▸ **WHAT TO DO**: From the first line to the last, give the material again exactly, without the images.

▸ **INPUT**:
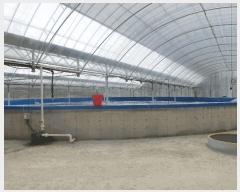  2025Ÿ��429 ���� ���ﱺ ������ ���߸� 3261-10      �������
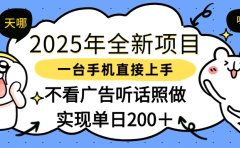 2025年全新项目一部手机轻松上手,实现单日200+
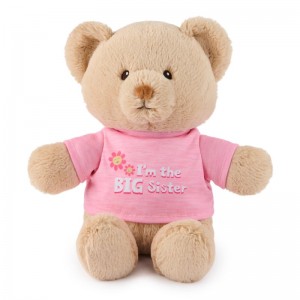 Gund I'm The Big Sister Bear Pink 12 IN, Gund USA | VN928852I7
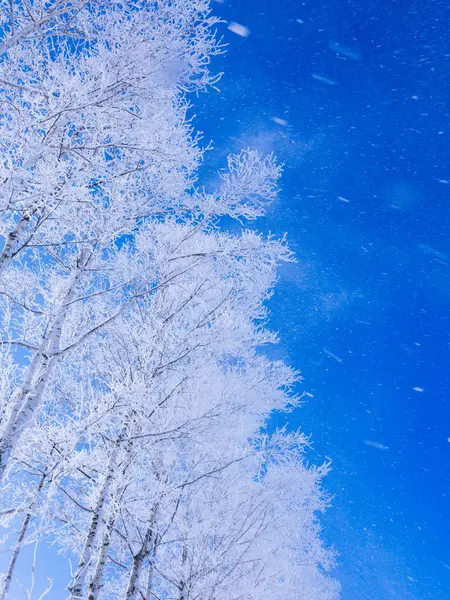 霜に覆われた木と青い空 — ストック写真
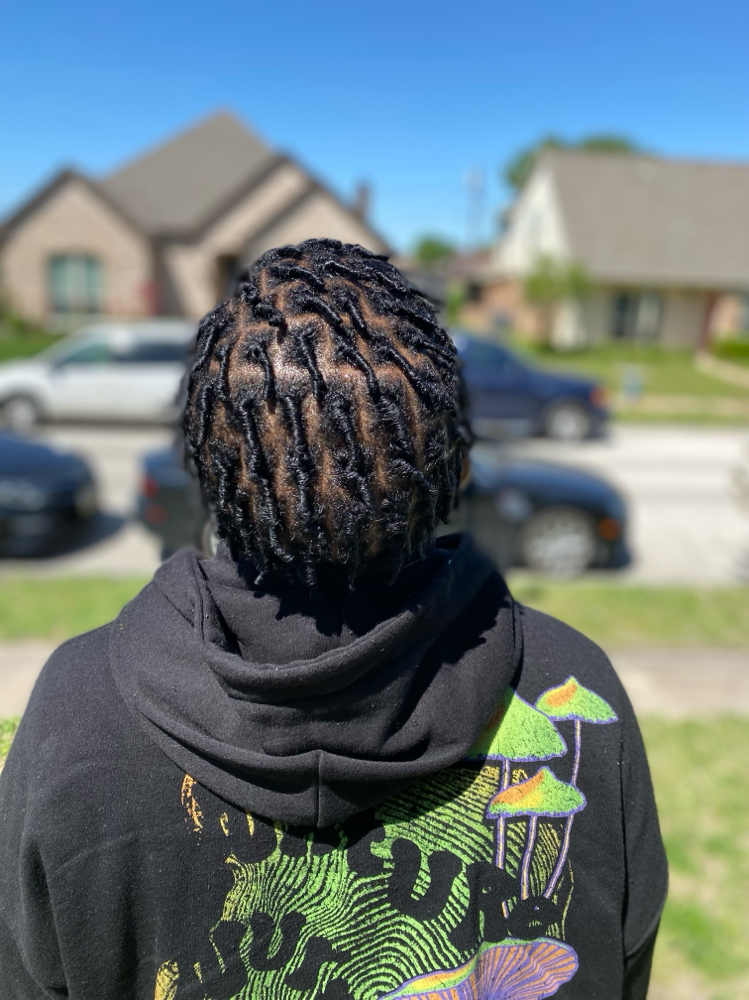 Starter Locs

▸ **SOLVED PROBLEM**:
  2025Ÿ��429 ���� ���ﱺ ������ ���߸� 3261-10      �������
 2025年全新项目一部手机轻松上手,实现单日200+
 Gund I'm The Big Sister Bear Pink 12 IN, Gund USA | VN928852I7
 霜に覆われた木と青い空 — ストック写真
 Starter Locs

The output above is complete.